Bridging Freidlin-Wentzell large deviations theory and stochastic thermodynamics

TL;DR

This paper connects Freidlin-Wentzell large deviations theory with stochastic thermodynamics for overdamped Langevin systems, deriving a series expansion of the quasipotential and relating escape rates to entropy production.

Contribution

It introduces a novel link between large deviations and thermodynamics, including a series expansion of the quasipotential and bounds on escape rates based on entropy production.

Findings

Derived a series expansion of the quasipotential around the free energy.

Identified conditions for linear response far from equilibrium.

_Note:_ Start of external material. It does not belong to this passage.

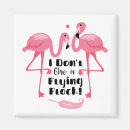 Search for flocking magnets Funny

Bounded escape rates by entropy production of trajectories.

Abstract

For overdamped Langevin systems subjected to weak thermal noise and nonconservative forces, we establish a connection between Freidlin-Wentzell large deviations theory and stochastic thermodynamics. First, we derive a series expansion of the quasipotential around the detailed-balance solution, i.e. the system's free energy, and identify the condition for the linear response regime to hold even far from equilibrium. Second, we prove that the escape rate from dissipative fixed points of the macroscopic dynamics is bounded by the entropy production of trajectories that relax into, and escape from the attractors. These results provide the foundation to study the nonequilibrium thermodynamics of dissipative metastable states.